Supplied data -
++++++

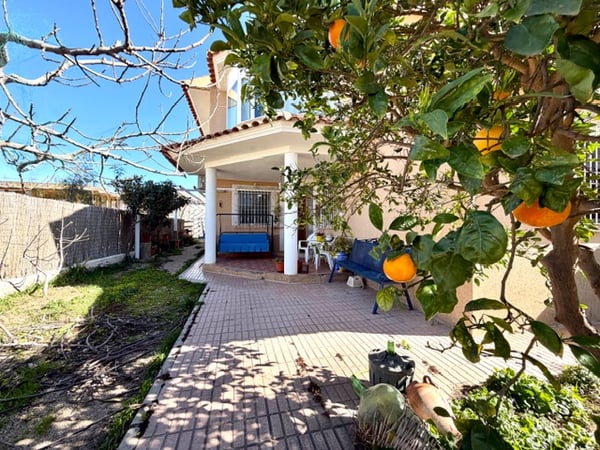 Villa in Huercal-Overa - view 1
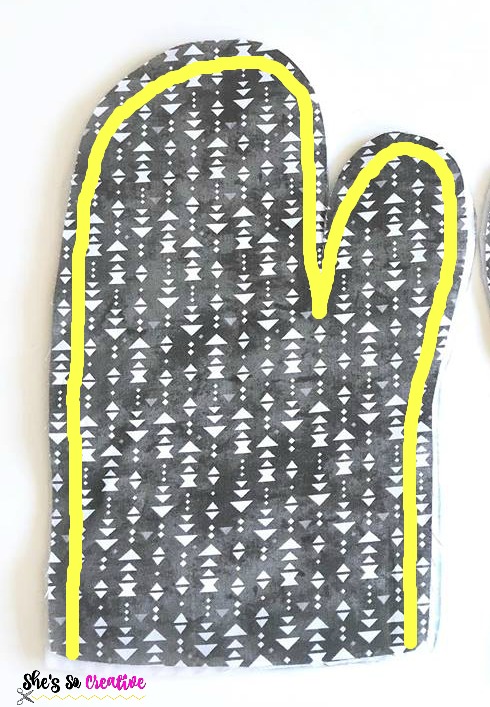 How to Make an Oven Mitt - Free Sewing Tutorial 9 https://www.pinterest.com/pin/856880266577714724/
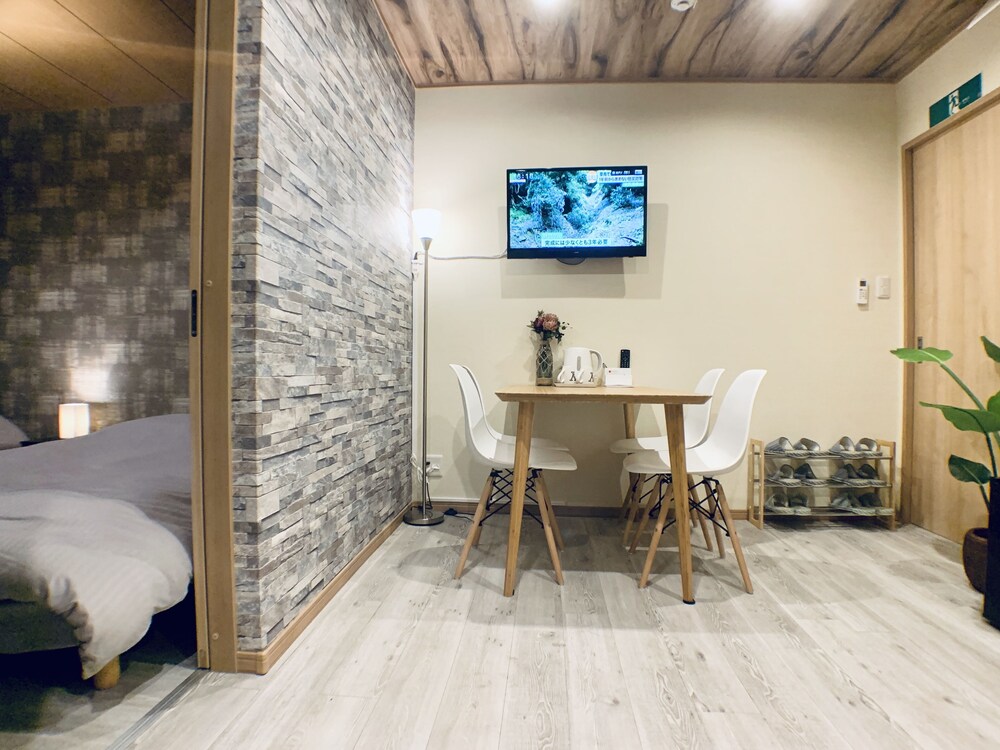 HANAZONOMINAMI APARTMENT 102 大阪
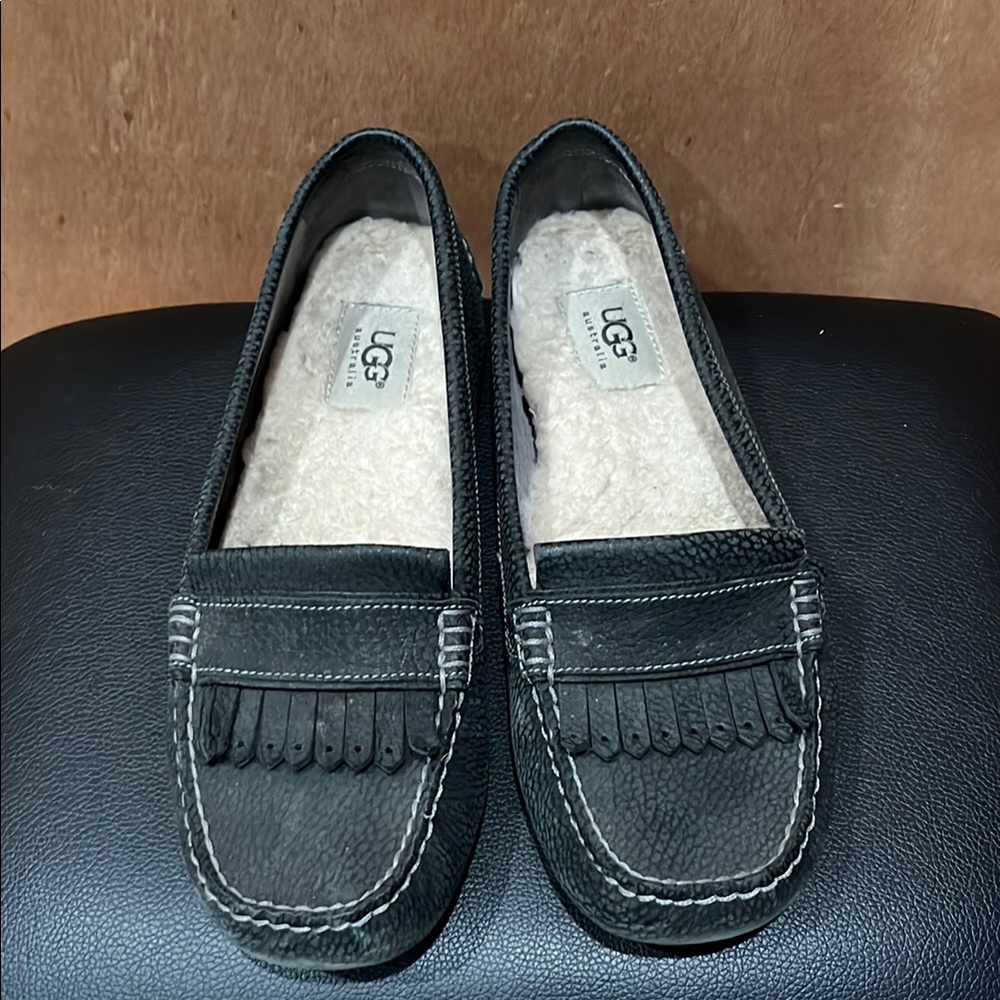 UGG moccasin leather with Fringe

++++++

Aim of the exercise - From the material above, write out exactly the lines from the line with "How to Make" through the closing line, inclusive, and no pictures.

Result for this task -
 How to Make an Oven Mitt - Free Sewing Tutorial 9 https://www.pinterest.com/pin/856880266577714724/
 HANAZONOMINAMI APARTMENT 102 大阪
 UGG moccasin leather with Fringe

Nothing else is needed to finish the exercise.